» **EXERCISE**
Return every entry exactly as written, with the pictures removed.

----- TASK INPUT -----

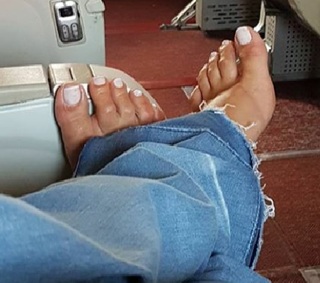 Renata Molinaro feet photo 18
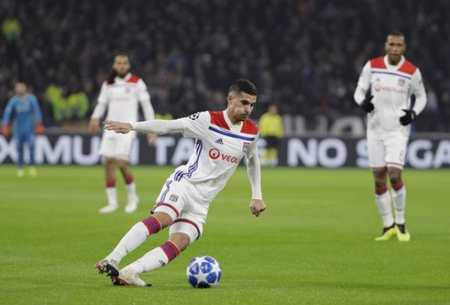 的主力前锋 的主力前锋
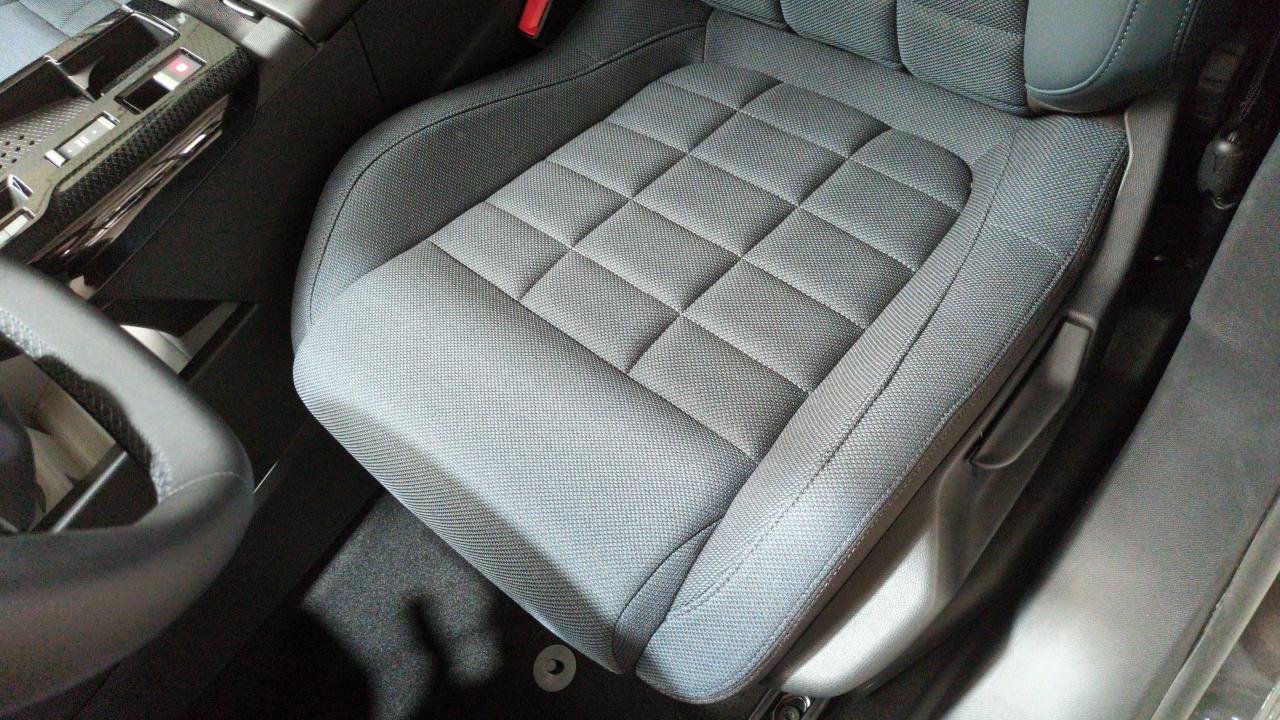 11 CITROEN C5 AIRCROSS NOUVEAU HYBRIDE 145 BVA E-DCS6 PLUS + PACK TECHNO – Image 11
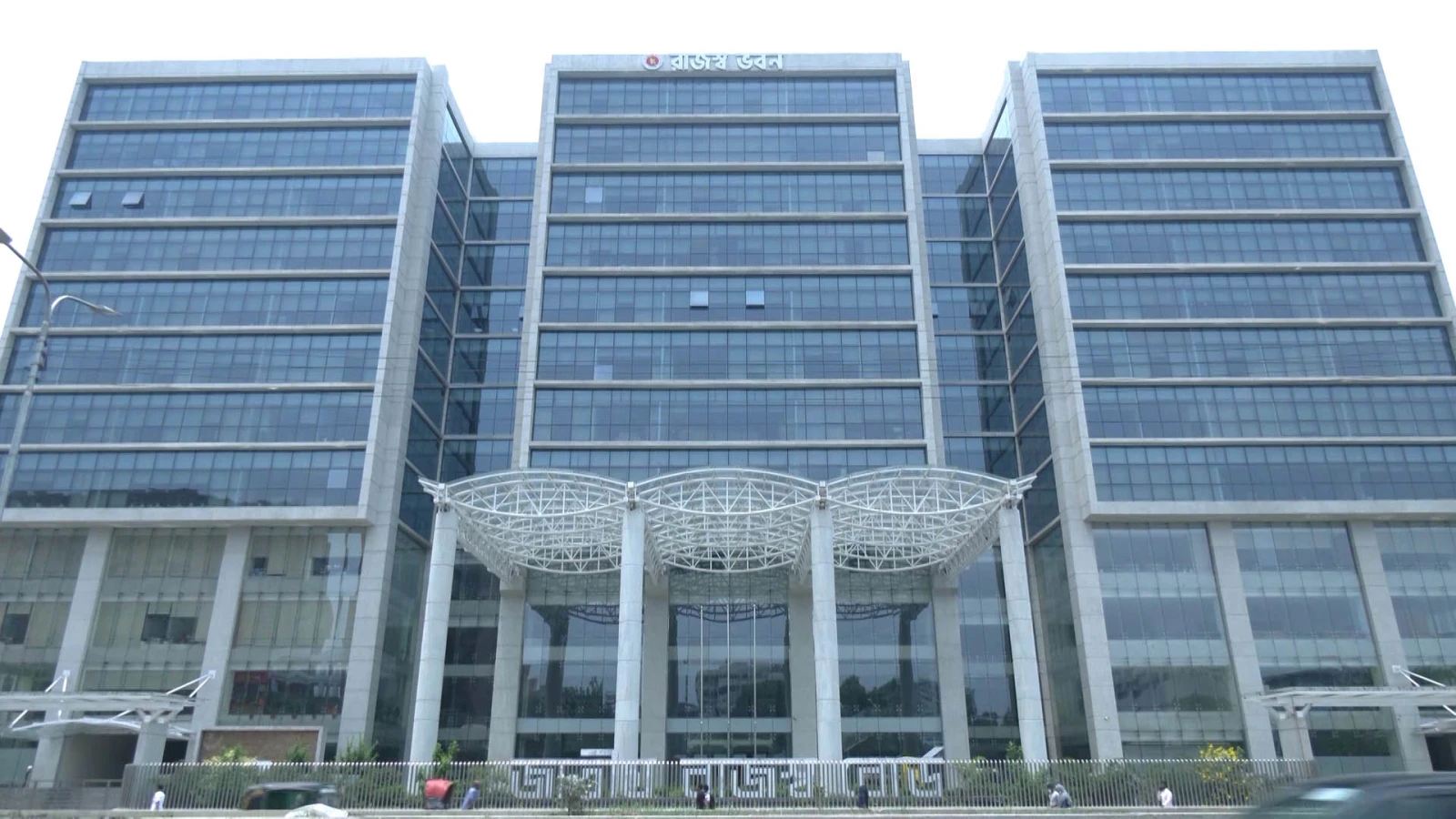 লক্ষ্যমাত্রার তুলনায় ৮৭৫২৭ কোটি টাকা কম রাজস্ব আহরণ এনবিআরের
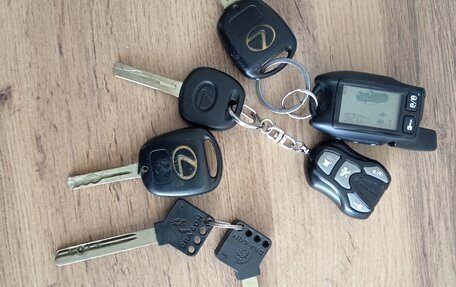 Lexus RX IV рестайлинг, 2002 год, 900 000 рублей, 11 фотография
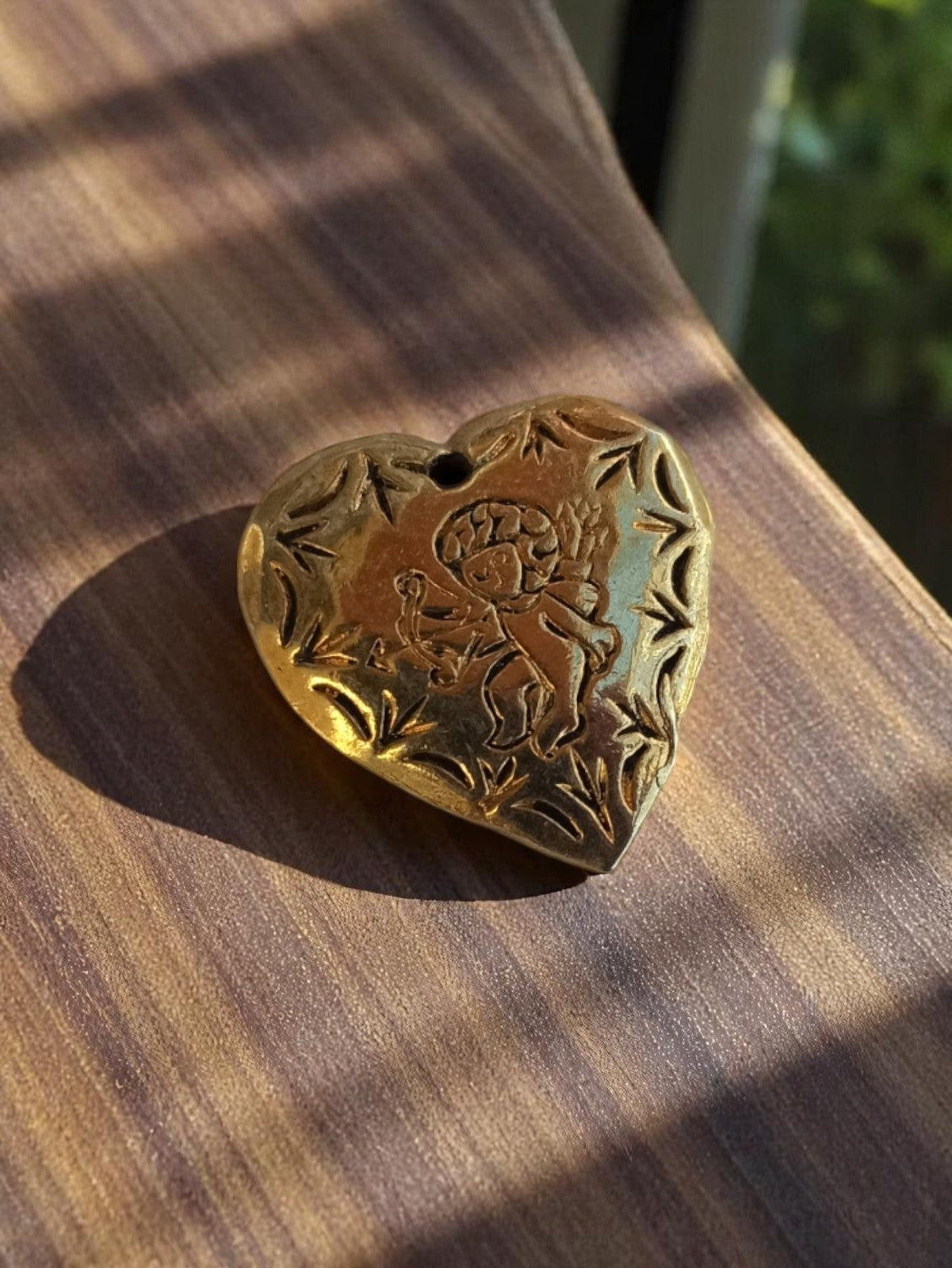 Pendentif cœur vintage métal doré Cupidon années 50 gravé rétro bijou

-----

» **EXERCISE OUTPUT**
 Renata Molinaro feet photo 18
 的主力前锋 的主力前锋
 11 CITROEN C5 AIRCROSS NOUVEAU HYBRIDE 145 BVA E-DCS6 PLUS + PACK TECHNO – Image 11
 লক্ষ্যমাত্রার তুলনায় ৮৭৫২৭ কোটি টাকা কম রাজস্ব আহরণ এনবিআরের
 Lexus RX IV рестайлинг, 2002 год, 900 000 рублей, 11 фотография
 Pendentif cœur vintage métal doré Cupidon années 50 gravé rétro bijou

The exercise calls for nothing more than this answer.